**How to complete this task**
From the material below, return exactly the lines starting at the one that holds "Poster Dynamic abstract" and ending at the one that holds "Pink Flower Bouquet". Pictures stay out of the answer.

**Provided material**
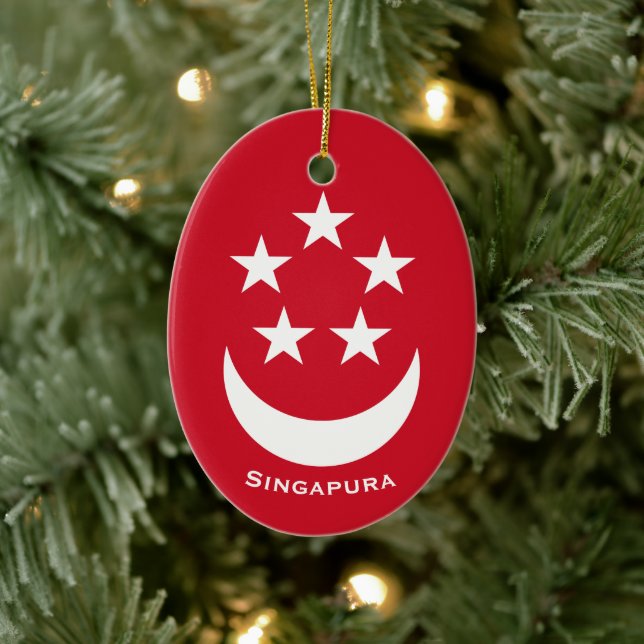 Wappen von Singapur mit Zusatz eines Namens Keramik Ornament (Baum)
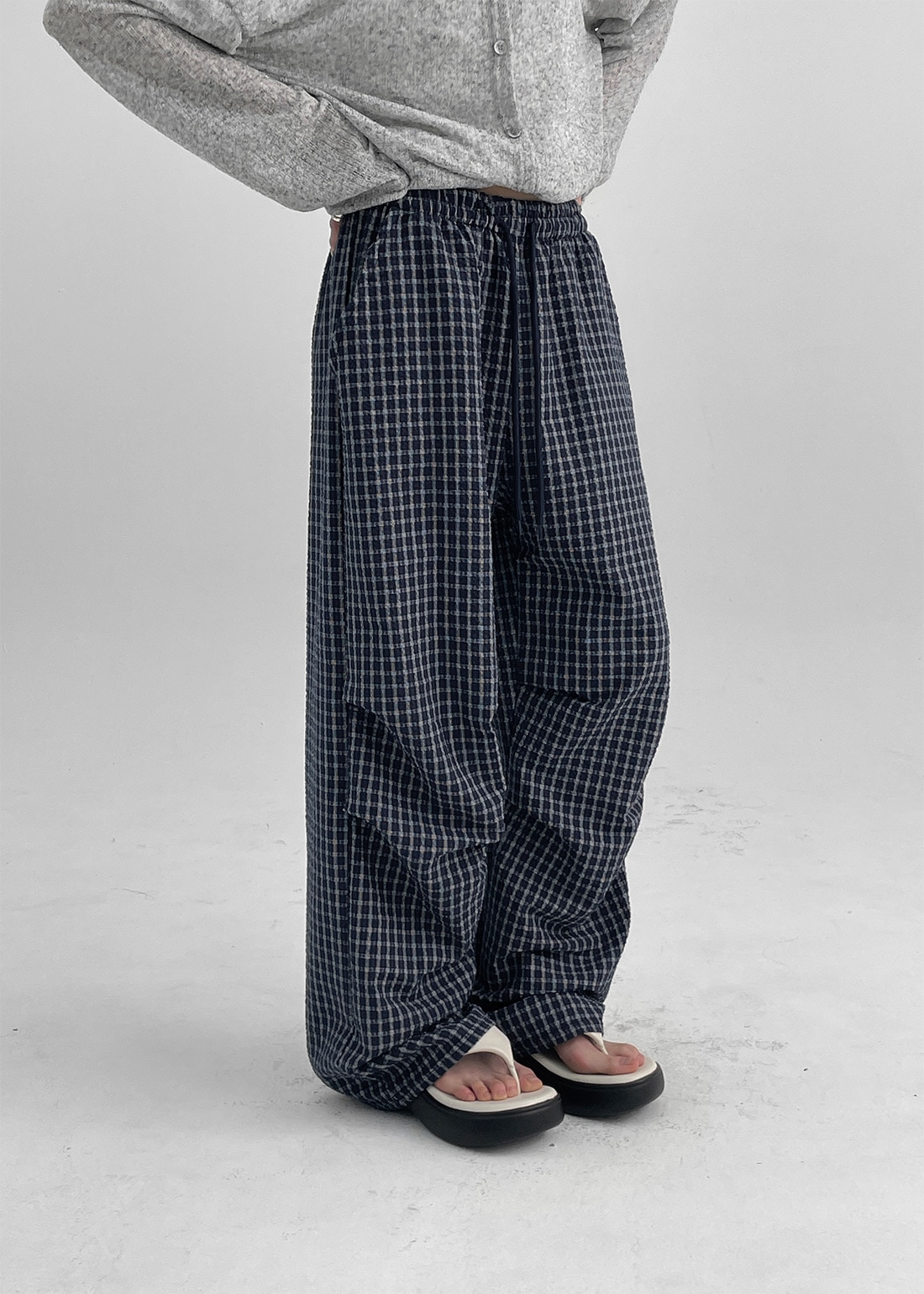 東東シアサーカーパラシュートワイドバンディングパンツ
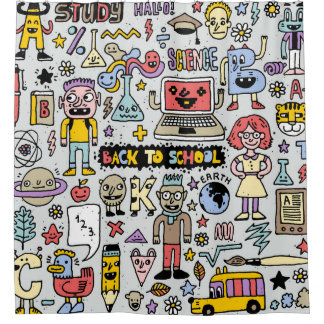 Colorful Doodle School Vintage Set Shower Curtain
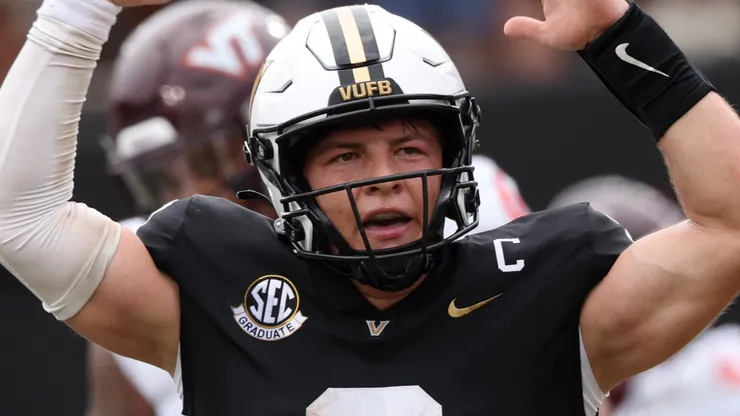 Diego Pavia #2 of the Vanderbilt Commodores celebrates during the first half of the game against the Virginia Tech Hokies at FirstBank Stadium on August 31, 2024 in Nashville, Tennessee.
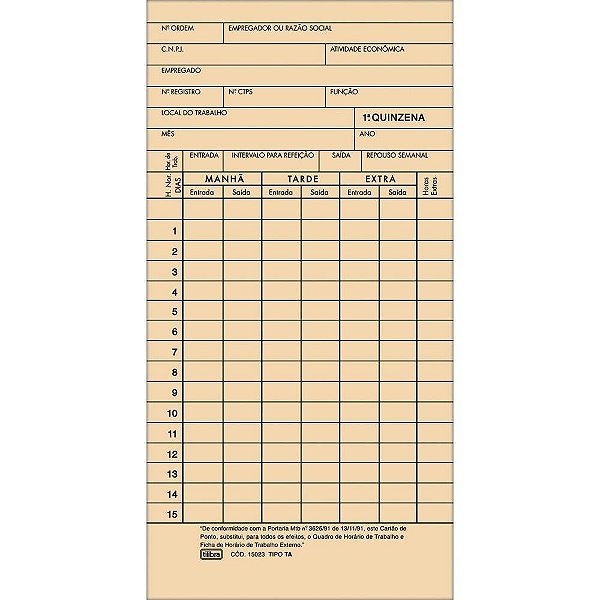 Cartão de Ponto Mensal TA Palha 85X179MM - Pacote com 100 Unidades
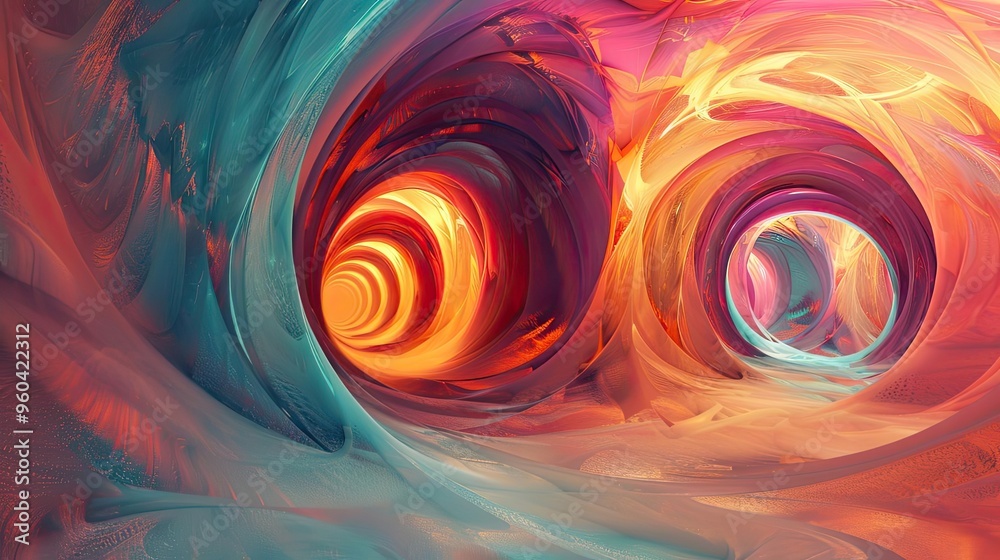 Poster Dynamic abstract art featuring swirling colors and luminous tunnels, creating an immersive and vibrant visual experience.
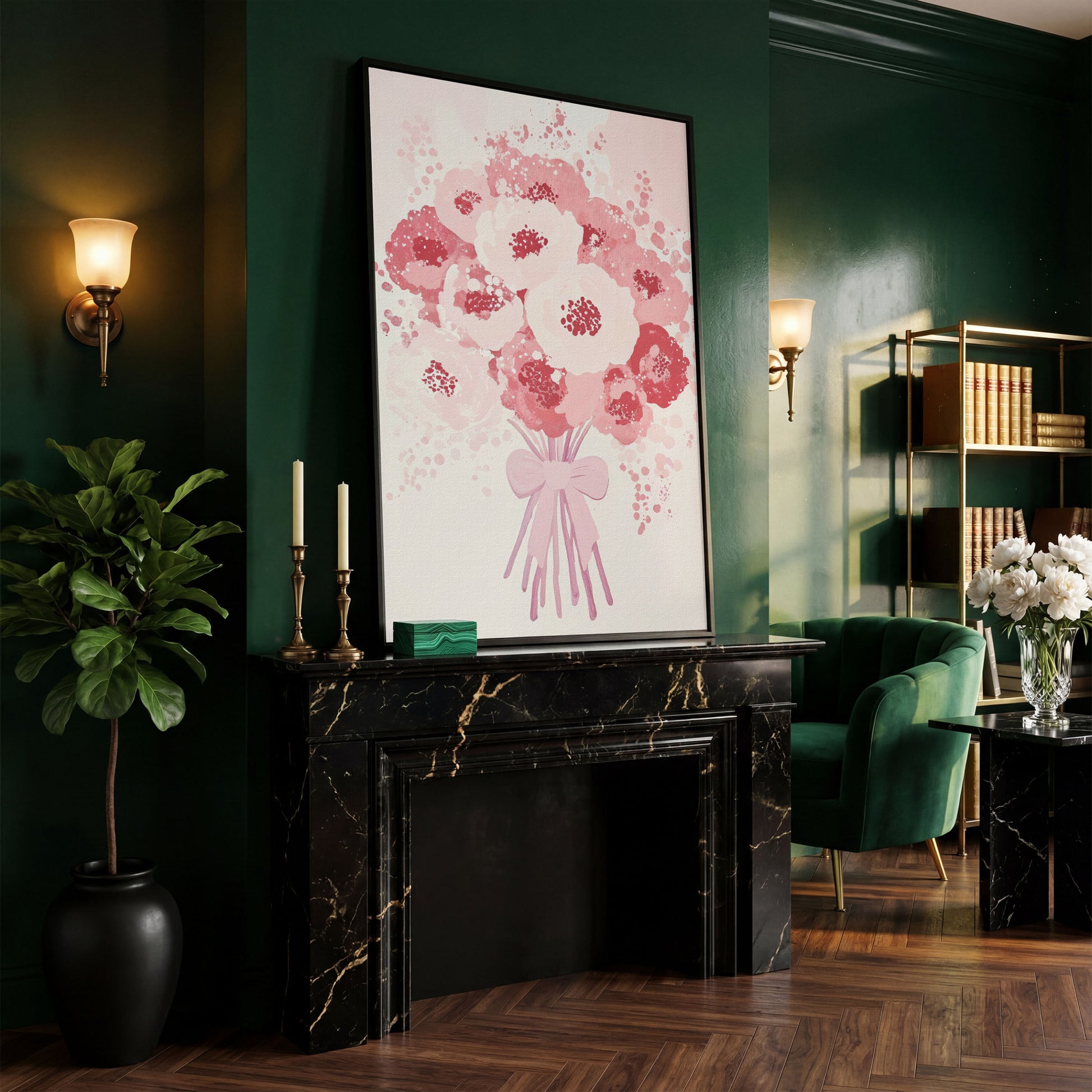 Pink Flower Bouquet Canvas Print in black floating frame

---

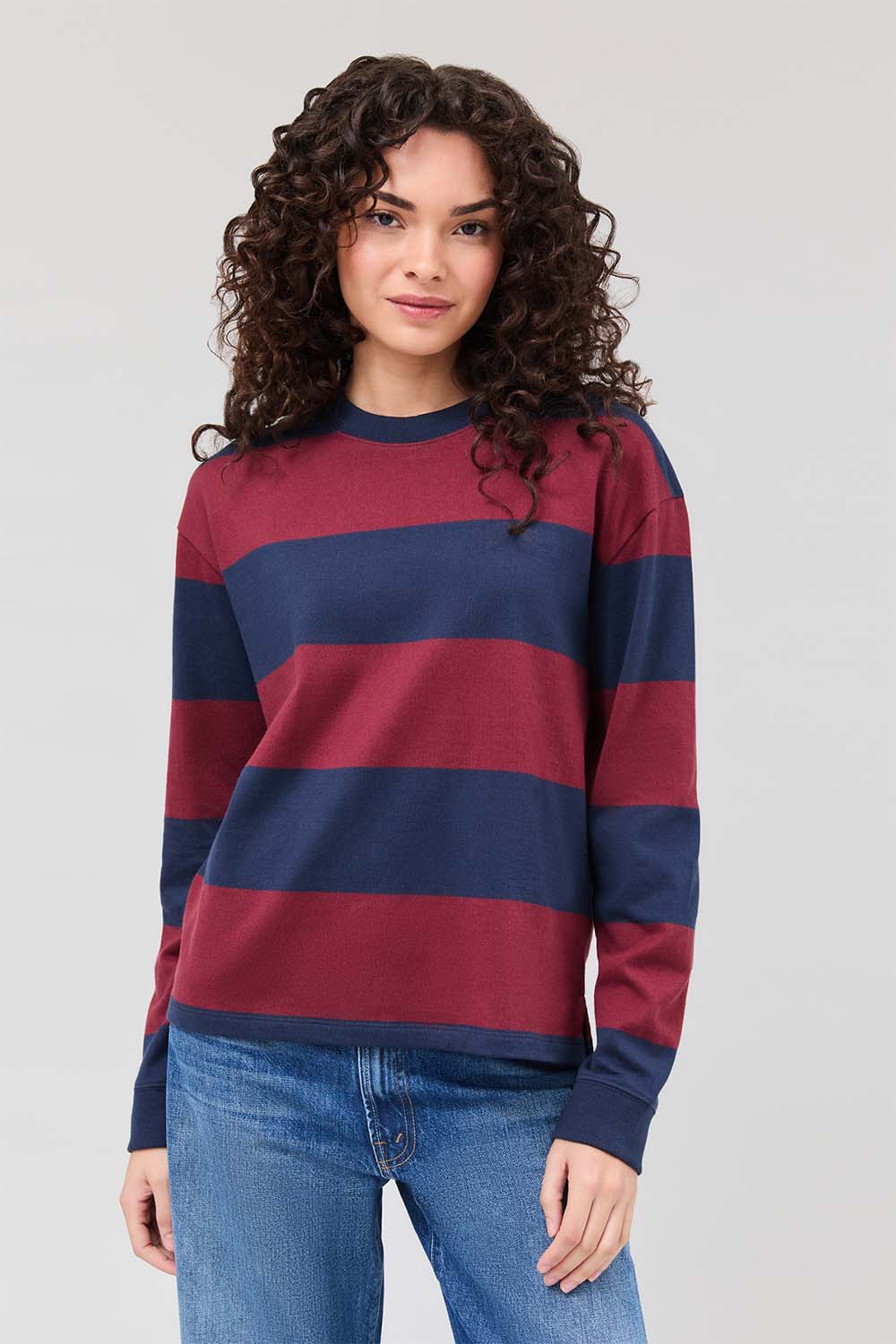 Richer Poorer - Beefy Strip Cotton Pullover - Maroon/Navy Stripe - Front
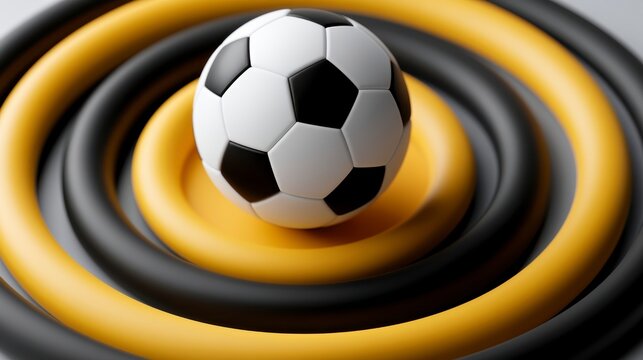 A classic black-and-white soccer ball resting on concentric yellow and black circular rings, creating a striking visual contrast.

**Reply**
 Poster Dynamic abstract art featuring swirling colors and luminous tunnels, creating an immersive and vibrant visual experience.
 Pink Flower Bouquet Canvas Print in black floating frame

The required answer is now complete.